Já todos ouviram falar nas obras da ala pediátrica “Um lugar para o Joãozinho”. Desde o início do mês de março que os trabalhos estão parados, após a retirada das construtoras por falta de “frente de obra”. Em dezembro de 2015 o Centro Hospitalar de São João (CHSJ) já tinha deixado de desimpedir o espaço a que se tinha comprometido.

O projeto é antigo.

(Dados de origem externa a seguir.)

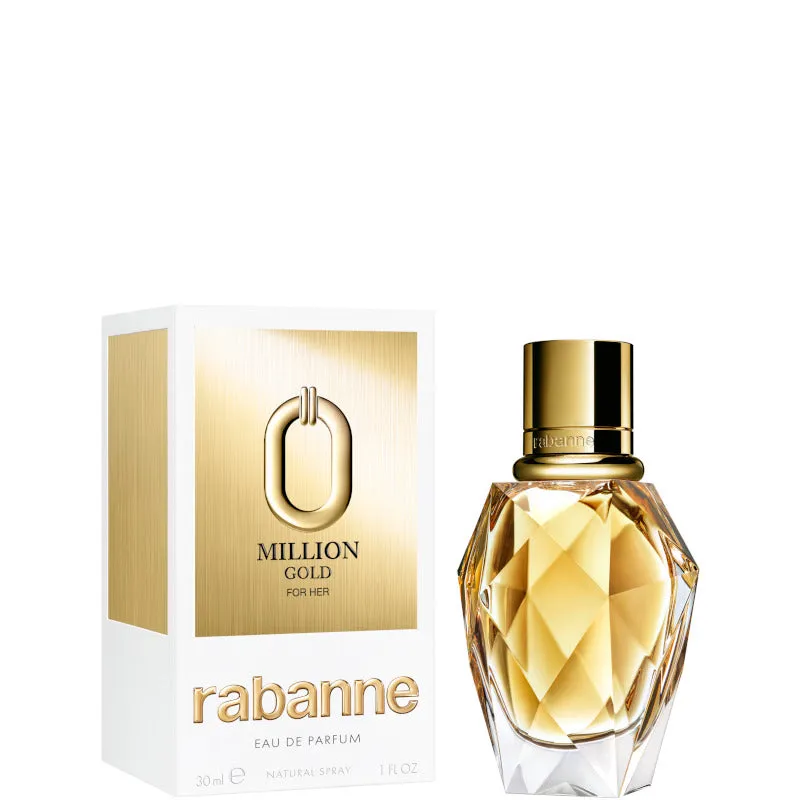 Rabanne Million Gold Her Eau de Parfum 30ml - immagine 1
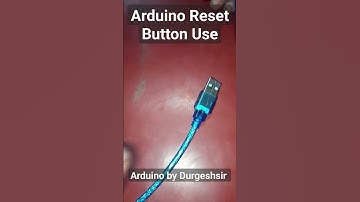 Arduino Reset Button Use #arduino #arduinouno #arduinoprogramming #reset #arduinoproject #shorts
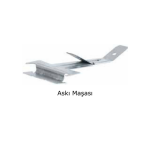 All Alçı - Askı Maşası All Alçı - Askı Maşası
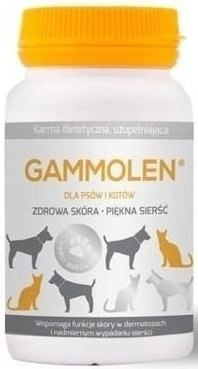 Tymofarm Gammolen Preparat Poprawiający Skórę I Sierść 60 Tabletek Tymofarm Gammolen Preparat Poprawiający Skórę I Sierść 60 Tabletek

Desde 2009 que o hospital angaria fundos para tornar esta ala possível e, em 2014, convidou Pedro Arroja para se associar ao projeto e pôr a “obra a andar”. O professor de Economia é o líder da associação humanitária “Um lugar para o Joãozinho” criada para reunir verbas que tornassem o projeto real. “Comecei por reunir uma série de potenciais mecenas, propondo-lhes um projeto, e fiz mais de uma centena de visitas”, conta Pedro Arroja ao JPN.

“Quando me convenci que esta obra era fazível, lancei um concurso de construtoras, em que declarei que, para já, só tinha um milhão de euros, e que pegassem nesta obra não como um negócio normal, mas como uma obra que íamos fazendo à medida que íamos conseguindo fundos”, continua. As construtoras Lucios e Somague “chegaram-se à frente com espírito humanitário”.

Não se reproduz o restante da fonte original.